A. Issues with MLR on Binary Responses:

Multiple linear regression (MLR) assumes several things that make it unsuitable for binary responses:

1. Linearity:

MLR assumes a linear relationship between the independent variables and the dependent variable. A binary response variable (0 or 1) cannot have a perfectly linear relationship with predictors.

2. Normal Errors:

MLR assumes that the error terms in the model are normally distributed. With a binary response, the errors can’t be perfectly normally distributed.

3. Constant Variance:

MLR assumes constant variance of errors (homoscedasticity). This doesn’t hold with a binary response.

4. Predicted Values:

MLR can predict outcome values outside the range of 0 and 1, which is nonsensical for probabilities.

B. Coefficients and Odds Ratios:

1. Odds Ratios:

In logistic regression, an odds ratio represents the change in odds of the outcome occurring associated with a one-unit increase in a predictor variable (holding all other variables constant).

2. Exponentiation:

To obtain the odds ratio from a logistic regression coefficient, we need to exponentiate it. If the coefficient is ‘β’, the odds ratio is calculated as e^β.

C.Odds ratio for a ‘k-unit’ increase in a continuous predictor:

To find the odds ratio associated with a ‘k-unit’ change in a continuous predictor:

1.Original odds ratio:

Exponentiate the coefficient (e^β) – this is the odds ratio for a one-unit change. Simply multiply: Multiply the coefficient (β) by k

2.Raise to the power of ‘k’:

(e^β)k(exponentiate the result)

This result represents the change in odds associated with a k-unit increase in the predictor.

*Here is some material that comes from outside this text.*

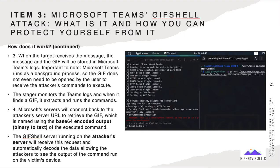Step two: the threat actor creates their own Microsoft Teams tenant and contacts other Microsoft Teams users outside of the organization using command and control. The threat actor then uses a GIF shell Python script to send messages containing a specially crafted GIF — a legitimate GIF image modified to include commands to execute on a target's machine. Think of steganography, which is covered in the CEH course. Step three: when a target receives the message, the GIF will be stored in the Microsoft Teams logs. Microsoft Teams runs as a background process, so the GIF does not even need to be opened by the user. The stager monitors the Teams log, finds a GIF, extracts and runs the commands. Microsoft servers connect back to the attacker's server URL to retrieve the GIF file, which is named using Base64-encoded output of the executed command.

D. Calculating Predicted Probability:

1. Logit:

The left-hand side of the equation represents the log odds (or logit) of the event occurring.

2. Solving for Probability:

a.Calculate the linear predictor:

-4 + (0.8 * 3.2) = -1.44

b. Convert logit to odds:

e^(-1.44) = 0.237

c. Calculate probability:

odds / (1 + odds) = 0.237 / (1 + 0.237) = 0.192

Therefore, the predicted probability of the positive class occurring for an observation at X=3.2 is approximately 0.192.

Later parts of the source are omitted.